The palace walls were adorned with numerous photographs of the current and past kings in the company of notable figures such as Pope Francis, Desmond Tutu, and Nelson Mandela. We watched an insightful documentary about the present king. A fascinating exhibit was the palanquin used by the king and queen’s mother, traditionally carried by men from Kumasi to Accra, a journey that spanned several weeks. While I have seen various types of palanquins in India and Bangladesh used for transporting royalty, the Ghanaian ones stood out for their unique textures.
Our tour continued to the king’s meeting room and living room, where we observed family pictures and various historical items. One fascinating artifact was a nearly hundred-year-old fan that, despite its noisy operation, still provided a pleasant breeze to visitors.
We also saw the gold items that England loaned to the Ghanaians, which were actually owned by the Ashanti king. These gold jewelry pieces were uniquely designed and remarkably different from those I’ve seen before. This reminded me of the history between Bangladesh and India, where the British took many of our valuables and never returned them. Even if they were to return them, I’m sure it would be on loan.

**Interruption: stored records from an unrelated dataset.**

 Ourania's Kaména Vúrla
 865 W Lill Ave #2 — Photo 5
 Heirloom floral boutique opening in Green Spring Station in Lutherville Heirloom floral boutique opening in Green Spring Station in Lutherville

Another thing that captured my attention was the Golden Stool, a potent symbol of the Ashanti king’s leadership. Though the Stool was in the Ashanti Palace, the general public could not see it, as it was brought out only for ceremonies. The Golden Stool is not just a royal seat but a sacred emblem that must never touch the ground. When presented to the king, it is carried on a pillow. The British once took the stool, and the Governor demanded to sit on it at the time, which sparked the “War of the Golden Stool” or the Yaa Asantewaa War. This conflict was led by a formidable Ashanti woman and Queen Mother, Nana Yaa Asantewaa, who galvanized her tribe’s warriors to defend their heritage and honor. This war was one of several fought by the Ashanti to maintain their sovereignty, and the Golden Stool remains a symbol of national unity and pride.
Nana Yaa Asantewaa’s story resonated deeply with me, reminding me of Rani (Queen) Bhabani of Natore, a historic region now part of Bangladesh. Rani Bhabani fought and triumphed over the Nawab of Bengal’s army to protect her land and treasury. Known for her philanthropy and generosity, Rani Bhabani, like Yaa Asantewaa, is remembered as a powerful and inspirational female leader.

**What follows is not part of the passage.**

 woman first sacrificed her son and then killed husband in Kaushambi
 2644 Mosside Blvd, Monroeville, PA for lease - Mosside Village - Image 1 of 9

Unfortunately, photographs were not allowed inside the museum, limiting the number of pictures I could take. The museum was bustling with activity, particularly with school children exploring and learning about their rich cultural heritage. It was heartening to see young minds being introduced to their history. Our guide in Kumasi, Somaila, was incredibly passionate, sharing fascinating historical anecdotes with the help of the museum guide. Adjacent to the museum was a gift shop featuring an impressive collection of wood carvings and handicrafts, perfect for souvenirs.
Later, we visited a cultural center and, the next day, explored the Kente Clothes Museum, Adinkra Craft Centre, and the largest market in West Africa, the Kumasi Central Market. Initially, I doubted that the Kumasi trip would be engaging. However, the rich history of the King’s Palace, the intricate weaving of Kente cloth, the intriguing Adinkra symbols, and the vibrant hustle and bustle of Kumasi Central Market provided a wealth of stories to share with my family, friends, and blog readers. The trip was a treasure trove of cultural experiences and historical insights.